Kendine tembel

Çoğu kişide var bu duygu sanırım.okuyunca kendimden şeyler gördüm bende.ama benimkisi biraz daha farklı.bişeyler yapmam için teşvik eden şeyler olmalı beni.yemek pasta falan yaparim,eşim ailem seviyor onları mutlu etmek beni de mutlu ediyor.derse girmez sınava bir gün önceden çalışır geçer not alırdım.fazlasını bende istemedim.ama arkadaşımla hirslanir okul 1.si olduğum olmuştur.sadece hırs yaptığım için.12 senelik okul hayatım böyle idi.şimdi kpss var.bana kalsa oturayim evimde ama annem babam için,ilerde onlara yardımım olsun diye kazanmam lazım diyorum.ya da maddi olarak zor durumdayız başkasının bize faydası yok onların inadına otur ders çalış diyorum kendime.tüm bu başkası için görünen bahaneler aslında benim kendimi hirslandırmam için sebepler.öyle motive ediyorum kendimi.
 
Kendini önemsemiyorsun galiba.
Yani... kendine iki yumurta kirmayan ama başka bir insan icin yemek pişiren bir insansin...
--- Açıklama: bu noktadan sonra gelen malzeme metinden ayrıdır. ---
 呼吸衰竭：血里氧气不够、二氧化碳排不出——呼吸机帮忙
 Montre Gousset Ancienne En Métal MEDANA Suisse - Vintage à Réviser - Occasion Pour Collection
Özsevgi duyduğuna eminmisin?
Çoğu kadında eksik olan duygu aslinda içe dönük (egoya) sevgi.
 
Kendini önemsemiyorsun galiba.
Yani... kendine iki yumurta kirmayan ama başka bir insan icin yemek pişiren bir insansin...

Özsevgi duyduğuna eminmisin?
Çoğu kadında eksik olan duygu aslinda içe dönük (egoya) sevgi.
eşim de bana kendinden başka kimseyi sevmiyorsun der. Ona katlandığım halde der bunu inatla :bicak:
 
eşim de bana kendinden başka kimseyi sevmiyorsun der. Ona katlandığım halde der bunu inatla :bicak:

Bunu diyenler genelde " hep bana hep bana" varliklardir. Eşin böyle bir kişi demiyorum ama kendini sevmeyip de kimi sevcekmişsin?
Yani kendini sevmeyen zaten sağlıklı bir şekilde başka bir insani sevemez...
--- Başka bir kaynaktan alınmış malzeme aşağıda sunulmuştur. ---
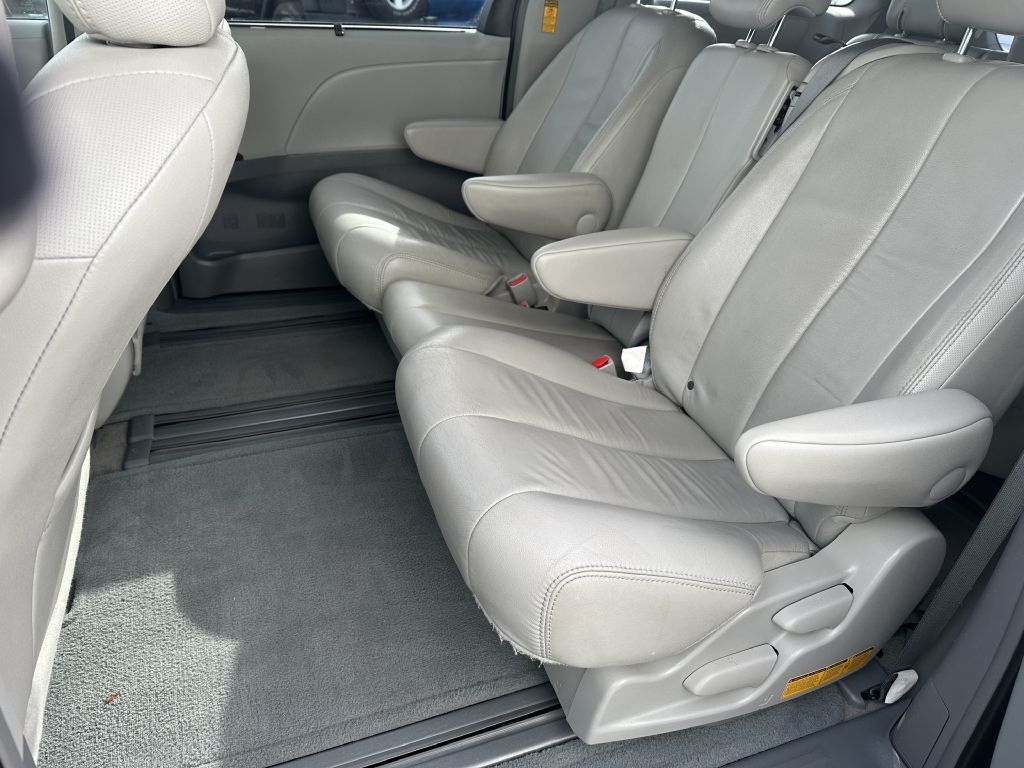 Toyota Sienna 5dr 7-Pass Van V6 XLE AAS FWD (Natl) 2013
Ben şahsen kendime yapmadığım hiçbir şeyi bir başkasına yapmam. İlk bana... kalani başka bir insana.
Çocuk bakiminda 50/50 olur... bazen 100/0...
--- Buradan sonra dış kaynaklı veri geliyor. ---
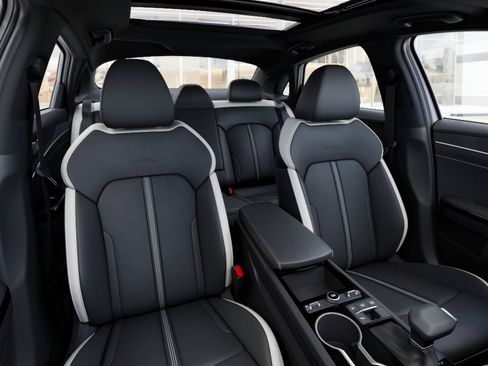 New 2026 Kia K5 GT-Line w/ GT-Line Premium Package FWD image 15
Konu okuyorum burda... bebekden yemek yiyemeyen yikanamayan anneler?
Ne alaka? 15 dakika ağlarsa pullari dökülmez. Yikanirim vallah... yemeğimide yerim. Ac ac kokuşuk gezcek halim yok.

Ben galiba aşırı egoist bir kadinim.
 
Konu çok uzun olunca böyle sona gelene kadar başta ne yazıyor onu unutuyorum konuları kısa tutmak daha anlaşılır olabiliyor bazen. Hele uykum varken okumaya çalışıyorsam uyuyup kalıyorum :)

Aslında birçok şeyi kendin için de yapıyorsun öyle düşün. Ornegin yemek yapmak ona buna yapıyorum diye düşünme sende yiyorsun o yemekten. Kendime yapıyorum diye düşün. Bu şekilde onun için bunu yapıyorum diye düşünürsen mutsuz olursun. Bazı işleri zevk alarak yapmaya çalış derim ben
 
Bahsettiğin kişiden bir adet aynada görüyorum,sana tek diyebileceğim başka insanların memnuniyeti ,takdiri sana daha fazla haz verirken kendine karşı o hazzı duymaman.Bu kendini önemsememek değilde hani ispat etmek ya da nasıl denir bak dur,kendini bilmek,kendine güvenmek...Offf anlatabildim umarım:))Ay bu yaştan sonra sorgulamalar beni sıkıyor yapma bunu kendine ya.Böylesin işte yani,değiştirebilirmisin bilmem de senin karakterinin alt yapısında özveri var ,disiplin var mükemmeliyetçililik var ama bunu kendin için yapmıyorsun seni rahatsız eden takdir edilmek değil ama kendini takdir etmek,fazla mütevazi olabilirmisin?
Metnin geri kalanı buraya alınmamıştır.